- [EXERCISE BRIEF]:
When you reach the line with "top-10-kiss-proof-lipsticks-brands-shades-price-in-india-3", transcribe it and each line after it through the last one below, exactly. Pictures stay out.

- [GIVEN DATA]:
======
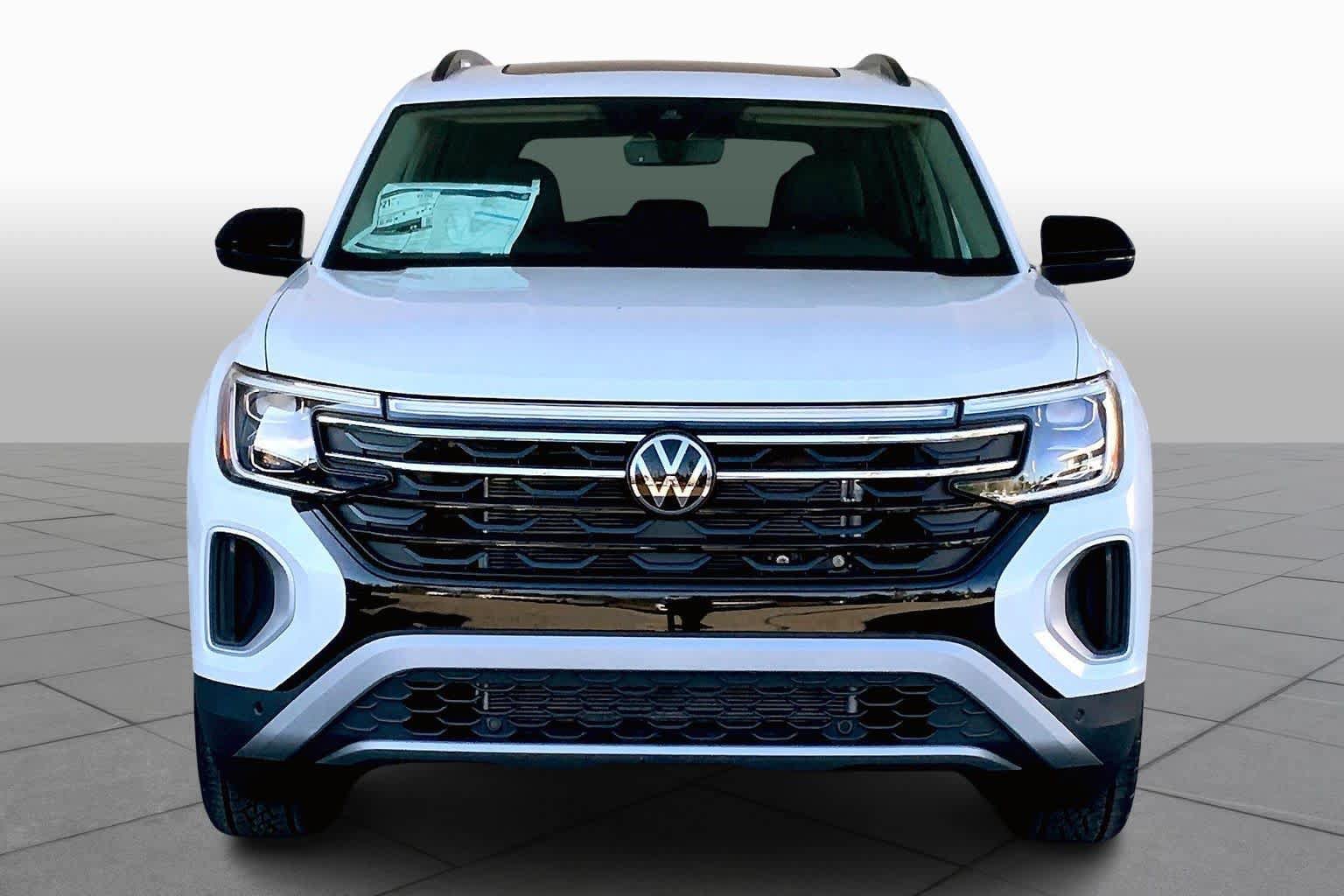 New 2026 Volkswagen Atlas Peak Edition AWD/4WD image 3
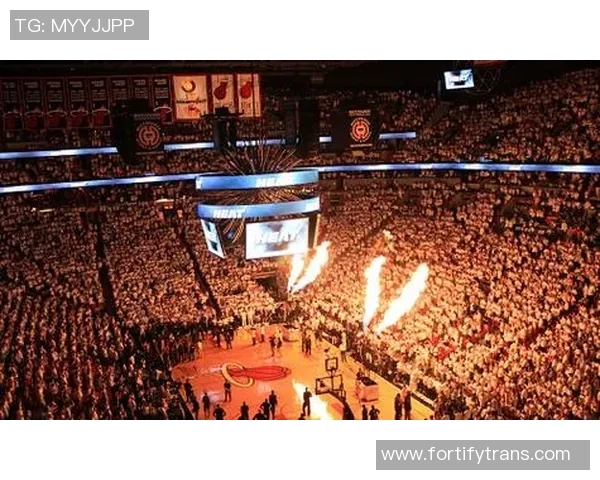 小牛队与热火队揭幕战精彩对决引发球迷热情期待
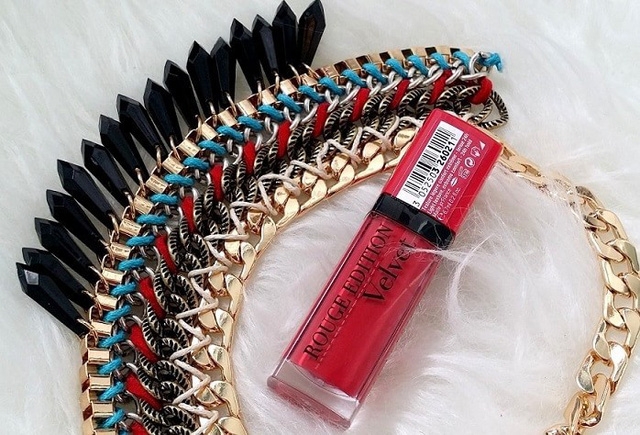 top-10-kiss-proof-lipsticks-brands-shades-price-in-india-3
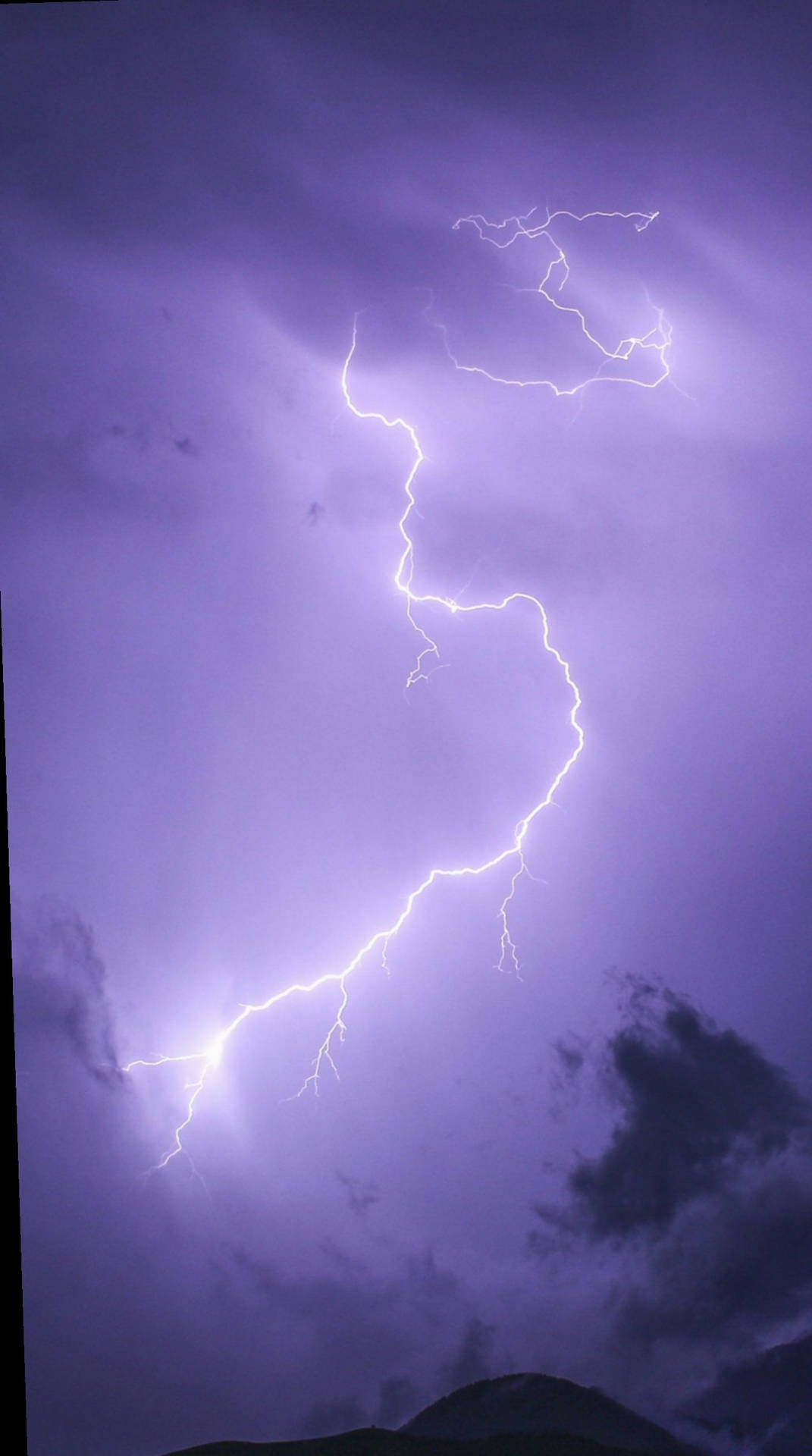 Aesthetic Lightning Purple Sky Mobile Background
======
- [ANSWER TO THIS EXERCISE]:
 top-10-kiss-proof-lipsticks-brands-shades-price-in-india-3
 Aesthetic Lightning Purple Sky Mobile Background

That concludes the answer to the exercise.